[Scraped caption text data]
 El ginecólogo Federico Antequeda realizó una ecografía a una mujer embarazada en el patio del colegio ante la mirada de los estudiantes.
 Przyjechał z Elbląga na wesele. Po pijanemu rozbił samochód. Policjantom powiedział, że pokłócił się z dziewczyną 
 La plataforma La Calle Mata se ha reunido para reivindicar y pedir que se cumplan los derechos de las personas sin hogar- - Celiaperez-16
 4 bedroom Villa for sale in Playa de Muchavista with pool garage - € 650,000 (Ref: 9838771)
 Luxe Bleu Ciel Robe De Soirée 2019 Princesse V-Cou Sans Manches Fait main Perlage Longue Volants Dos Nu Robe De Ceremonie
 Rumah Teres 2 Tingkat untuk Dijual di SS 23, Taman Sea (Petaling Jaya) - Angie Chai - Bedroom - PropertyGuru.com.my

==

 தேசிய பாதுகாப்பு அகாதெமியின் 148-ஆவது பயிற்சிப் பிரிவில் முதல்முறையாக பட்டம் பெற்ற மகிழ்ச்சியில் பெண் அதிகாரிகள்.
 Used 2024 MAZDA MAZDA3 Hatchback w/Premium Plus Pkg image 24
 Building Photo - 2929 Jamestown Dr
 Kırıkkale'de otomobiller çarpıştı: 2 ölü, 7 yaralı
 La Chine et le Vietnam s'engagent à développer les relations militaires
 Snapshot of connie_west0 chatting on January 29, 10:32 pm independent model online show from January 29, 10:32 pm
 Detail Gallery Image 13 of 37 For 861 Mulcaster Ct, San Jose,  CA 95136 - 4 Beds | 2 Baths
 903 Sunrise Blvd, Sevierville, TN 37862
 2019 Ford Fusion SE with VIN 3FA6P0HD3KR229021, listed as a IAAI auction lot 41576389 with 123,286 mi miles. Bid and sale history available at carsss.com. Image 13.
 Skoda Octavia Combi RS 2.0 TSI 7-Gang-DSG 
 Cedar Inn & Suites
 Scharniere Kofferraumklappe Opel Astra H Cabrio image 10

---

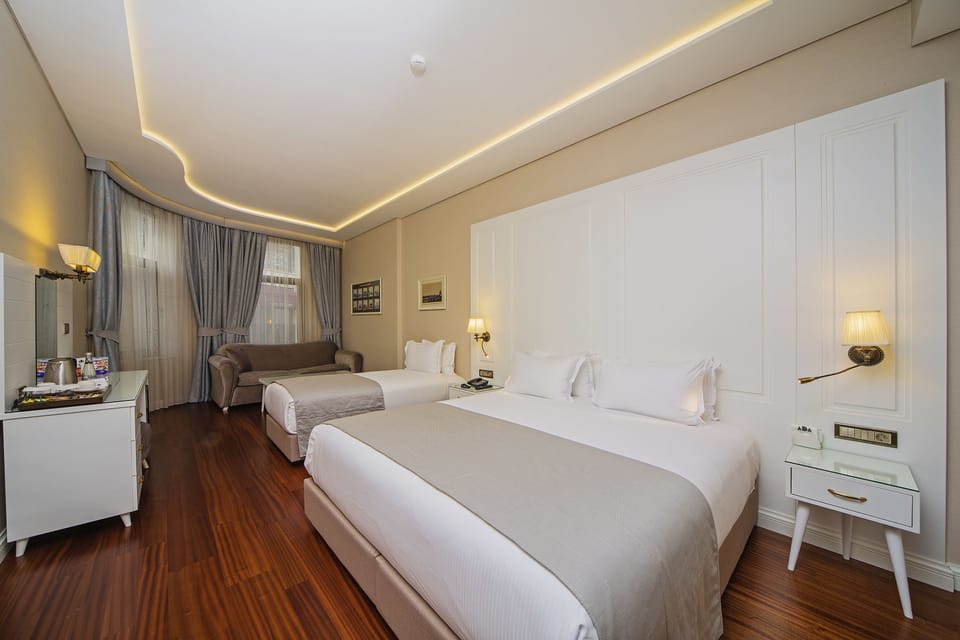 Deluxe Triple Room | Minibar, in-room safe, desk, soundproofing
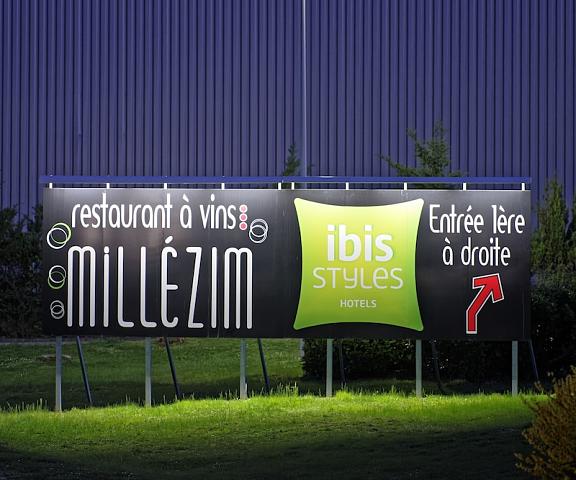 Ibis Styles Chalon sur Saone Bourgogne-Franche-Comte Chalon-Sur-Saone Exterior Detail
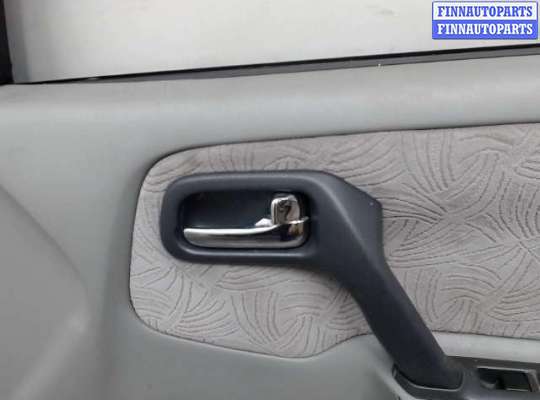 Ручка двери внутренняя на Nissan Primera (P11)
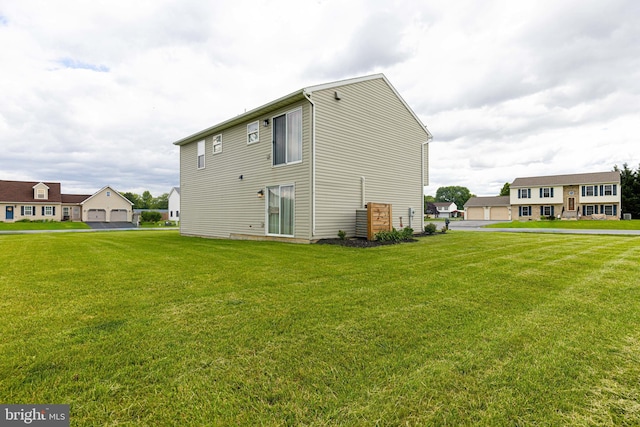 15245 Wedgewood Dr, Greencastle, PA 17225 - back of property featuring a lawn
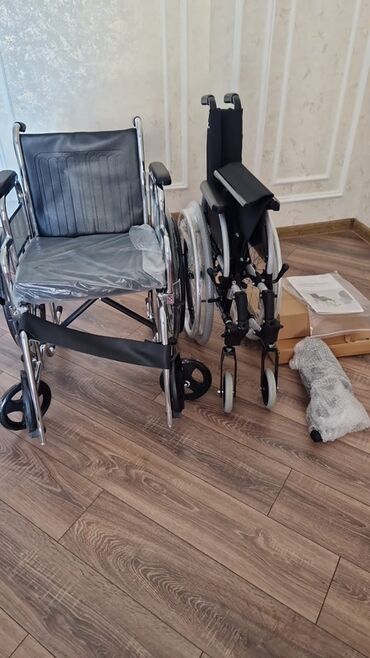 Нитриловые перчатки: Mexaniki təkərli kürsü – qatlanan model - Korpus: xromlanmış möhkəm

— Work to complete —
Your answer should be the lines above, from the line containing "El ginecólogo Federico" up to and including the line containing "Przyjechał z Elbląga", reproduced exactly and with nothing else.

— Response —
 El ginecólogo Federico Antequeda realizó una ecografía a una mujer embarazada en el patio del colegio ante la mirada de los estudiantes.
 Przyjechał z Elbląga na wesele. Po pijanemu rozbił samochód. Policjantom powiedział, że pokłócił się z dziewczyną 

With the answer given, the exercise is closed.